Thanks for the overview of ISYS - as you point out, ISYS provided many 
of the "founding principles" of MOBY, so it was great to see these 
spelled out clearly on the list!

It's just after 3:00 AM, so I wont risk saying anything intelligent 
right now :-)  I'm mainly aiming to make some observations about what 
you have written and ask questions as best I can in my insomnia... I'm 
trying to get a clear picture of the similarities and differences 
between ISYS and the (current instantiation of) MOBY, and since I'm not 
sure I understand everything, please read all of my statements with an 
inflection at the end ;-)

Andrew D. Farmer wrote:

>When ISYS starts, it "discovers" ServiceProviders through
>a simple plug-in strategy; it simply scans through a Components directory in
>which each component provides a basic structure for providing its resources,
>
This is the ISYS analogue of MOBY Central, ja?  As I understand it, the 
key differences are that there is no registry "thingy" per se, just a 
directory.  Service Providers are transiently "registered" as they are 
started/stopped through their individual GUI's (or whatever), and 
"registration" involves putting interface descriptions into that 
directory.  Is that right?

> gets the information about which classes represent ServiceProviders,
>
as opposed to...??  What else is in that directory?  Which "components" 
represent ServiceProviders,  or which "classes"?  (I'm just trying to 
clarify the terminology)  As I understand it, Components implement 
Classes, and one of the Classes that can be implemented is 
ServiceProvider... or am I completely up the creek?

>Services in ISYS:
>
>Services and Service brokering in ISYS come in two distinct flavors:
>"static" and "dynamic".
>
>The former is the more traditional approach by which specific well-structured
>interfaces are defined (e.g.  a "RetrieveSequence" service with specified
>input types (Identifier) and output types (SequenceText));
>
so currently you would define MOBY services as being "static"... and 
yet... not quite.  This scenario seems to differ from MOBY in one 
critical way - that our interfaces are "modularly" defined, rather than 
being well-structured:  A "RetrieveSequence" service type would not 
exist in MOBY.  Rather we would have a "Retrieve" service that had an 
output type of "Sequence", and an ~arbitrary input type, depending on 
what the service provider needed. .When a service is required, its 
interface is dynamically discovered (WSDL), but we avoid the wild and 
wholly world of data types by defining the data formats and requiring 
that one or more of these be passed... so a Client (or component) 
doesn't have to be specifically designed for that interface.
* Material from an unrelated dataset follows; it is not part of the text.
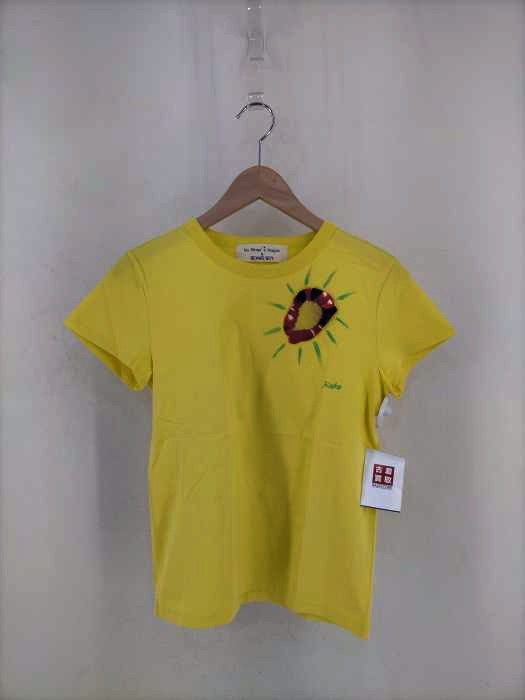 Les Briqua braque（レブリカブラック） クルーネックTシャツ レディース トップス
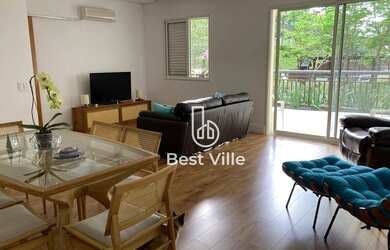 Imagem: O apartamento possui 3 Dormitórios, 4 Banheiros, 2 Vagas na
>in this case, a component that wants to use that specific functionality
>will have been designed with knowledge of the service interface, and will
>simply ask ISYS to provide it with an implementation
>
This is also not strictly true in MOBY.  For us, the "component" ( which 
I think is a "Client" in MOBY speak) does not need to be designed with 
knowledge of the service interface per se.  The interface - 
input/output/URL - is dynamically discovered using WSDL, and in fact can 
be completely ambivalent about what type of service it is dealing 
with... i.e. a client doesn't have to know what to *do* with a Sequence 
in order to happily retrieve it and pass it on to the next service... so 
service implementation is not a problem.  *Representation* of data, on 
the other hand, will have to be coded for each data type (or at least, 
each of the basic parent data types)

> (either a user
>specifiable default, or a list of all known implementations) of that
>service. These service types are specified as interfaces (along with
>specifications of datatype interfaces for their input and output types)
>in a special package that acts as a kind of catalog of static
>services; in this way, it is somewhat analogous to a certain way of looking
>at the notion of a service "ontology" at a central MOBY registry 
>
this is actually much closer to the myGrid service ontology definition, 
than it is to the current MOBY view of a service ontology, as I said 
above...  I see the power of both approaches, and I still haven't come 
to a conclusion about which is better.  I think, that our approach is 
more flexible w.r.t. client/service design, but we suffer badly from 
having little or no machine-readable logic.  We rely on a human to look 
at the input and output types, the name/description of the service 
type,and decide for themselves what exact transformation is happening in 
between.  e.g.  if you give me a PubMed ID, and I offer to give you back 
Sequence objects, and the service type is "Retrieve"... what does that 
mean??  It could mean "Give me the sequences that were published in this 
manuscript", or it could mean "give me all of the sequences that were 
published by the author of this manuscript".  In this sense, the current 
MOBY situation is a total nightmare and needs some serious tightening 
up!!!!  We can't make the semantic bioweb without some additional 
ontology(ies) sitting around somewhere to more clearly define our 
services, rather than the current human-readable descriptions.  At the 
same time, access to these orthoganal relationships between data 
(PubMed/ID --> Sequence) are, in my mind, one of the most wonderful 
aspects of the MOBY system and I am loathe to lose them altogether...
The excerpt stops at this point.